The switchboard looks cool, but I wouldnt intrgrate it into the system, I just hoped it would provide me with some idea as to how the generator/motor functioned. I may clean it up a bit and if I can find similar guages etc, keep it just for effect, if not maybe the fleabay suggestion could help fund another project.

I did apply a 12v battery to the various terminals with no apparent effect.  Could it be 24, 32 or even 48v?

Can anyone give me an idea how these 'Startomatic' units worked together with the engine? For example was the generator/motor hooked permanantly to a battery to auto start (crank) the engine to start, then switched over to generator mode to charge the battery and provide power by the generator?

Cheers,

Cam
Title: Re: Identify this?
Post by: AdeV on October 30, 2017, 08:18:54 AM
There were a couple of types of Start-o-matic, I think the main difference was DC or AC supply. The typical AC "lighting plant" (the most commonly seen Start-o-Matic for the 5/1 or 6/1 engine) was a 2.5kw alternator attached to the engine (which had "heavy" style flywheels, rather than the more common spoked design). A solenoid attached to the back of the engine operated the decompression lifter and the rack stop, and was normally held (by springs) in the "off" position. Via a control board, 24v batteries were connected to the lighting ring and the engine. When a load was detected (i.e. a light switch turned on), the control board switched 24v onto the starter circuit, which turned the alternator into a starter motor. Simultaneously, the decompression solenoid operated which allowed the fuel rack to open & the exhaust valve to operate as normal.
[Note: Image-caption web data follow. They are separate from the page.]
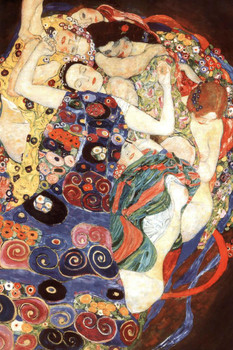 Gustav Klimt The Virgin 1913 Art Nouveau Symbolism Painting Evolution Womanhood Famous Cool Wall Art Print Poster 24x36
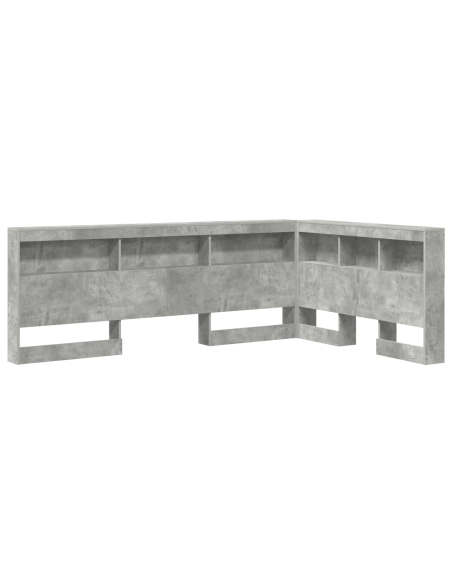 Testata contenitore Grigio cemento 120 cm Legno multistrato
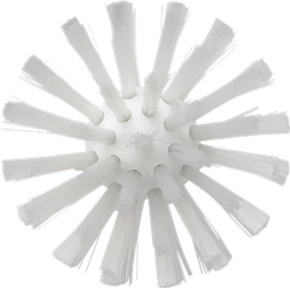 Vikan Vikan Pijpborstel, steelmodel, ø77 mm, medium, wit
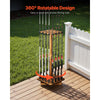 VEVOR Fishing Rod Holders for 16 Fishing Poles, 360° Rotating Wood Fishing Rods Rack for Garage Organization and Storage, Floor Stand Space-Saving Equipment, for Reels Gear Accessories, Gifts for Men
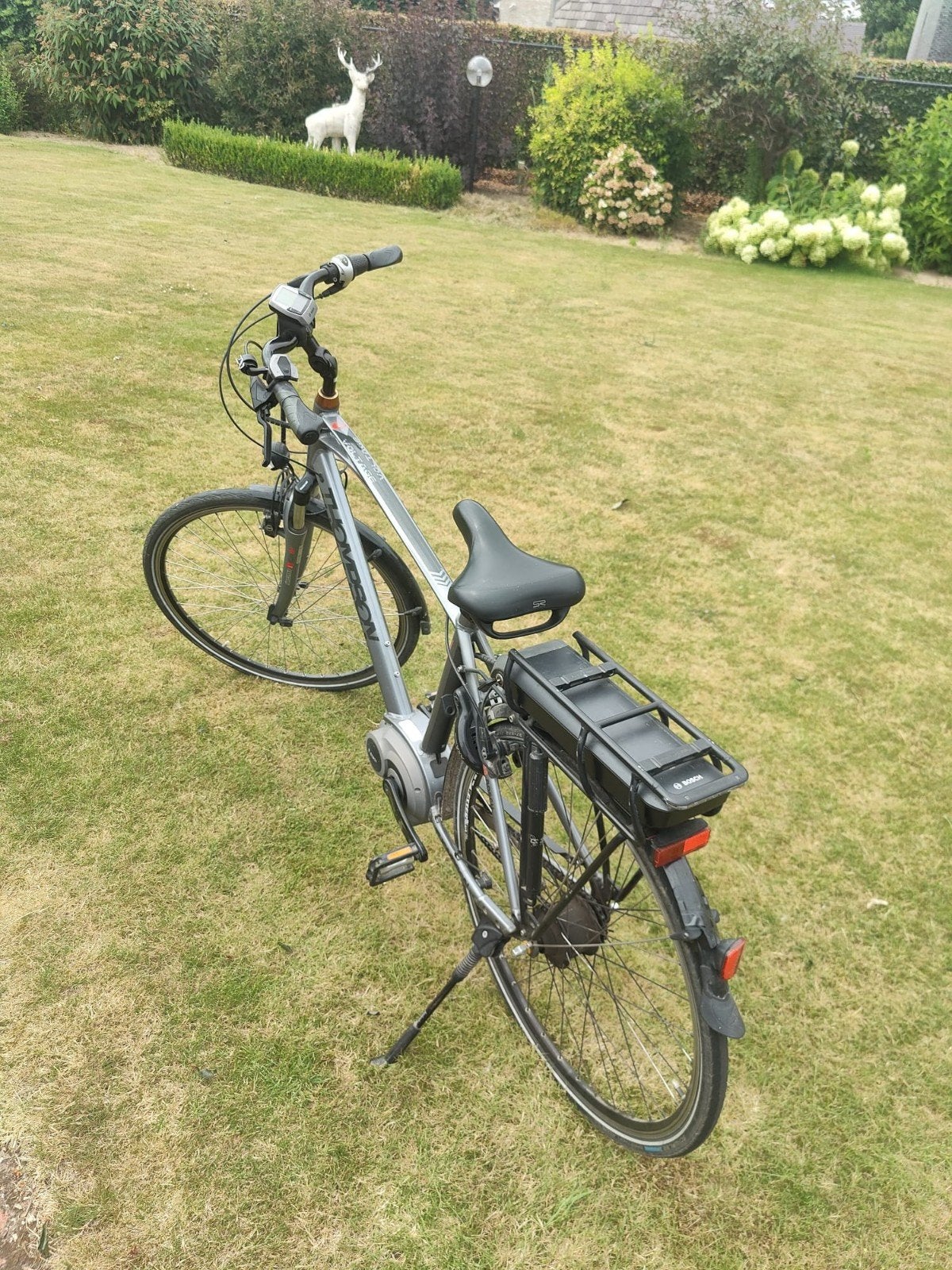 Elektrische herenfiets Thompson, Ophalen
Assuming all was well, the engine would then fire up, and start to "overspin" the alternator, which then switched to generating mode. This generated both 110v or 240v AC single phase, and sufficient DC voltage to recharge the batteries.

The system remained running until the last load on the circuit went off (i.e. the last light turned out), at which point the solenoid was released, shutting off the fuel and operating the decompression lifter, shutting the engine down. It then went back to waiting for a load to appear on the circuit.

Once the start cycle was started by a load, it would continue until the engine started to generate (even if the load was immediately removed); it would also only motor for a certain period of time, e.g. if the engine had no fuel, so it didn't flatten the batteries or burn out the starter circuit. This was all achieved using bi-metallic strips and other black magic... no computers back then!

The DC SOMs are slightly different in that the motor/dynamo are directly coupled to the engine, the engine itself is normally a CD or possibly a 9/1 (JP1) model rather than the CS we know & love, and they often had an additional "solenoid" (more of a motor really) attached to the compression changeover valve, so once started they could automatically switch over to low compression.
Title: Re: Identify this?
Post by: BruceM on October 30, 2017, 05:13:32 PM
Enjoyed your very well written description of the SOM actions and mechanisms very much, AdeV.  Thanks! 
Amazing how Lister achieved a full automatic start and stop genset with the technology of the day. I really admire how they distilled the functions and actuators to the minimum.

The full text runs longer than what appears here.